– С чего ты взяла?
– Попробовала.
Я попросил Мону проделать то же самое с ее грудью и посмотреть, что будет, но она отказалась. Заявила, что ей стыдно.
– Стыдно?! Расселась тут нога на ногу, все прелести наружу, а «колобахи» показать боится! Это уже не стыд – это извращение.
Стася рассмеялась.
– Уж это точно, – согласилась она. – Что, собственно, тебе мешает? Подумаешь, грудь показать!

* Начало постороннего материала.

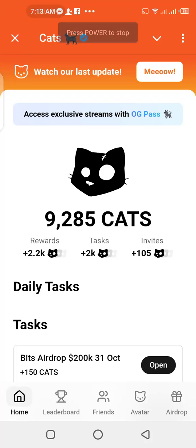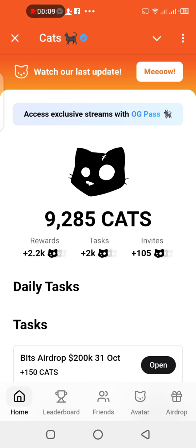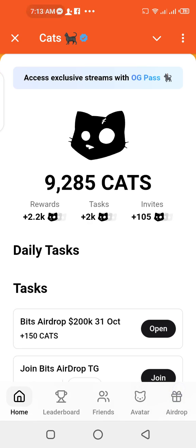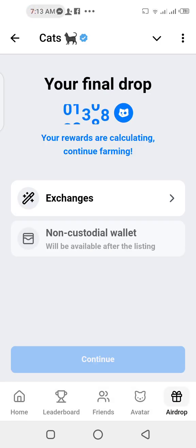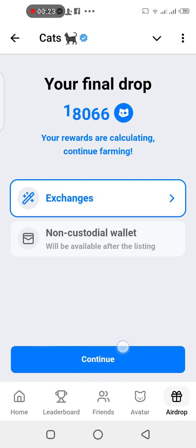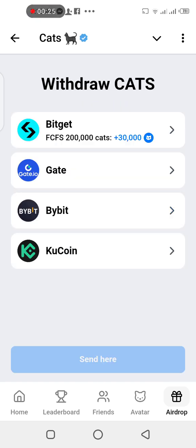Good morning guys, so this is CATS. We want to connect our Bybit wallet address to the airdrop section. On the bottom right corner of the screen, tap on airdrop. You're gonna see exchanges — tap on it, then tap on continue.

– Не я же беременна, – оскорбилась Мона.
– А Кронски когда придет?
– Завтра.
Я налил себе еще вина и, подняв бокал, воскликнул:
– За нерожденного!
Затем, понизив голос, поинтересовался, не уведомили ли они полицию.
Мой вопрос остался без ответа. Словно давая мне понять, что тема исчерпана, они объявили, что на днях собираются в театр и, если я пожелаю, с удовольствием возьмут меня с собой.
– А на что идете?
– На «Пленницу», – ответила Стася. – Французская пьеса. Все только о ней и говорят.
За разговором Стася пыталась постричь ногти на ногах. Не в силах видеть, как она мучается, я упросил ее предоставить это мне. Когда с ногтями было покончено, я предложил заняться ее волосами. Она пришла в неописуемый восторг.
Пока я расчесывал ее волосы, она читала вслух «Пьяный корабль». Я слушал с нескрываемым удовольствием. Увидев это, она вскочила, сбегала в свою комнату и принесла биографию Рембо – «Сезон в аду» Карре. Не будь тому помехой дальнейшее развитие событий, я бы уже тогда стал ревностным поклонником Рембо.
Такие вечера, должен сказать, были для нас большой редкостью и далеко не всегда заканчивались на столь приятной ноте.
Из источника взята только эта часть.